The AHA and ACC also said 3 major clinical trials involving about 20 000 participants are examining ezetimibe/simvastatin's effect on cardiovascular and all-cause mortality and stroke and should provide more definitive evidence for the efficacy of the combination therapy. Results from these studies—IMPROVE-IT (Examining Outcomes in Subjects With Acute Coronary Syndrome: Vytorin [Ezetimibe/Simvastatin] vs Simvastatin), SHARP (Study of Heart and Renal Protection), and SEAS (Simvastatin and Ezetimibe in Aortic Stenosis)—should be known around 2011.

Daniel W. Jones, MD, AHA president, added that current guidelines state that elevated LDL-C is the primary target of cholesterol-lowering therapy and that LDL-C–lowering therapy reduces the risk for cardiovascular disease. “This particular study doesn't change the application of the guidelines,” said Jones, who is also vice chancellor for health affairs and dean of the School of Medicine at the University of Mississippi Medical Center in Jackson.

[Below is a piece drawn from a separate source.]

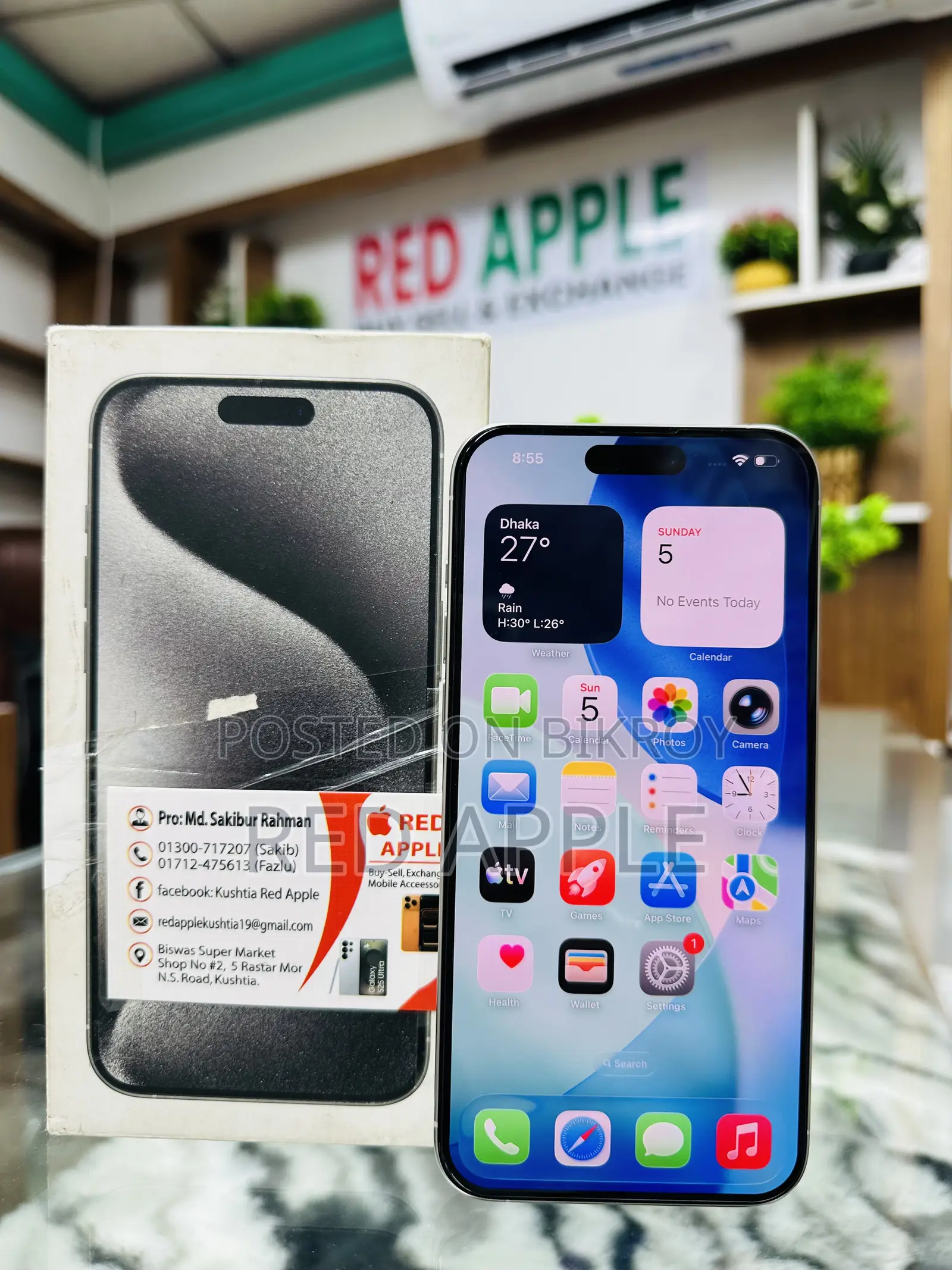 অ্যাপল আইফোন ১৫ প্রো ম্যাক্স ২৫৬ জিবি হোয়াইট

But Nissen disagrees. “If ENHANCE had shown benefits for Vytorin, it would have been trumpeted as a landmark trial,” Nissen said, adding that the patient population in the trial, those with heterozygous familial hypercholesterolemia, was specifically chosen because maximum benefit would be expected in such patients.

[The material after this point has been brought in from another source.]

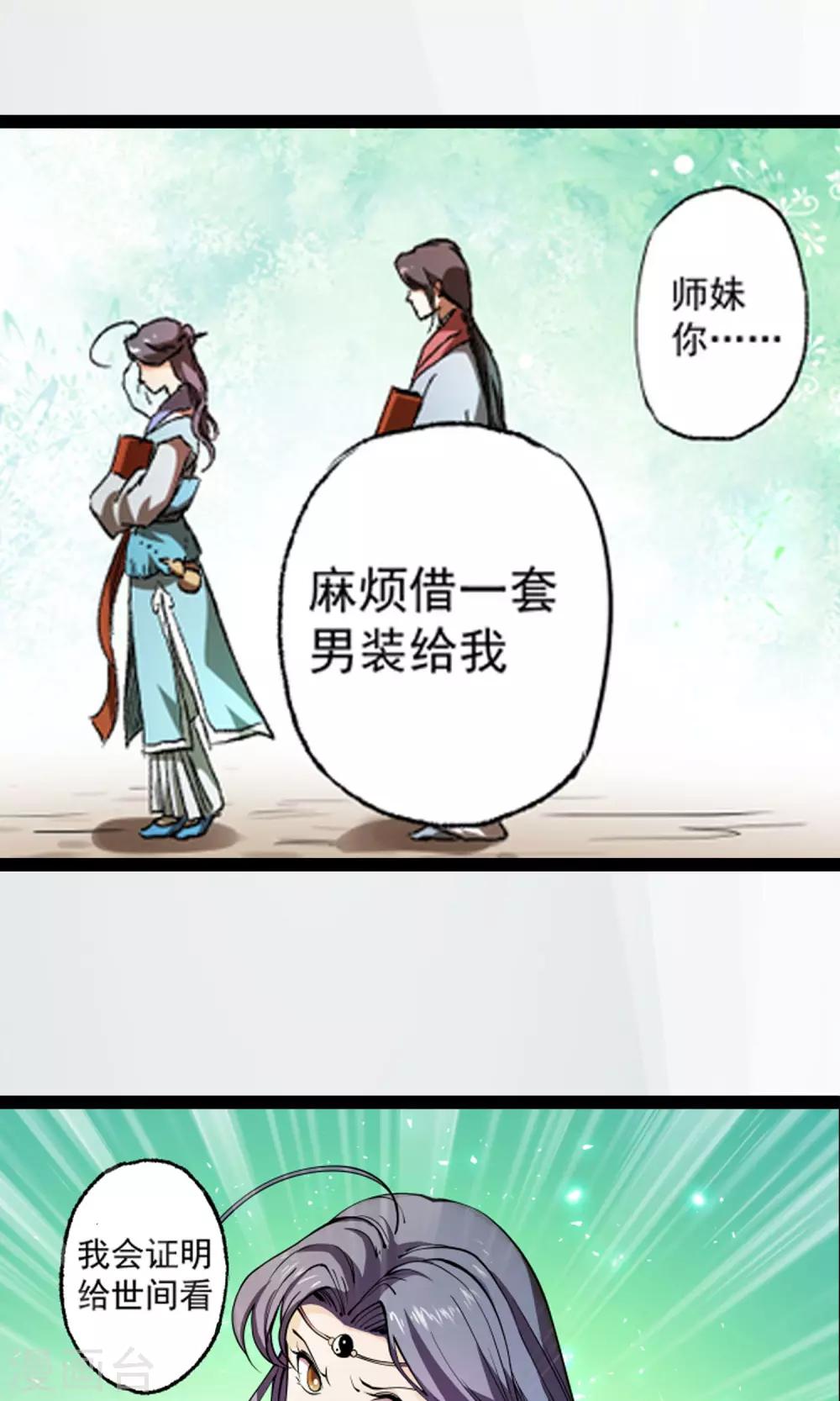 女医生电视剧韩剧漫画,预告1图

The firestorm of criticism surrounding the ENHANCE results prompted Merck/Schering Plough to issue a press release January 25 that defended its actions. “While the ENHANCE trial was time-consuming and took longer than originally anticipated to complete, our companies acted with integrity and good faith in connection with the trial,” said Thomas Koestler, PhD, president, Schering-Plough Research Institute.

Yet another issue the controversy has thrust into the spotlight is the use of surrogate end points in clinical trials to gain approval for new drugs. Although the US Food and Drug Administration (FDA) can call for postmarketing studies to determine if a medication approved on the basis of a surrogate end point ultimately shows a clinical benefit (or even potential harm), years may elapse before such evidence is available. At a January 25 press conference announcing a review of ezetimibe/simvastatin based on the ENHANCE preliminary results, FDA officials defended approval of the drug on the basis of its ability to lower LDL-C without evidence of improving cardiovascular outcomes, noting that lowering LDL-C is a cornerstone in current therapy approval.

Still, Avorn said the ENHANCE study has planted a seed of doubt surrounding surrogate end points.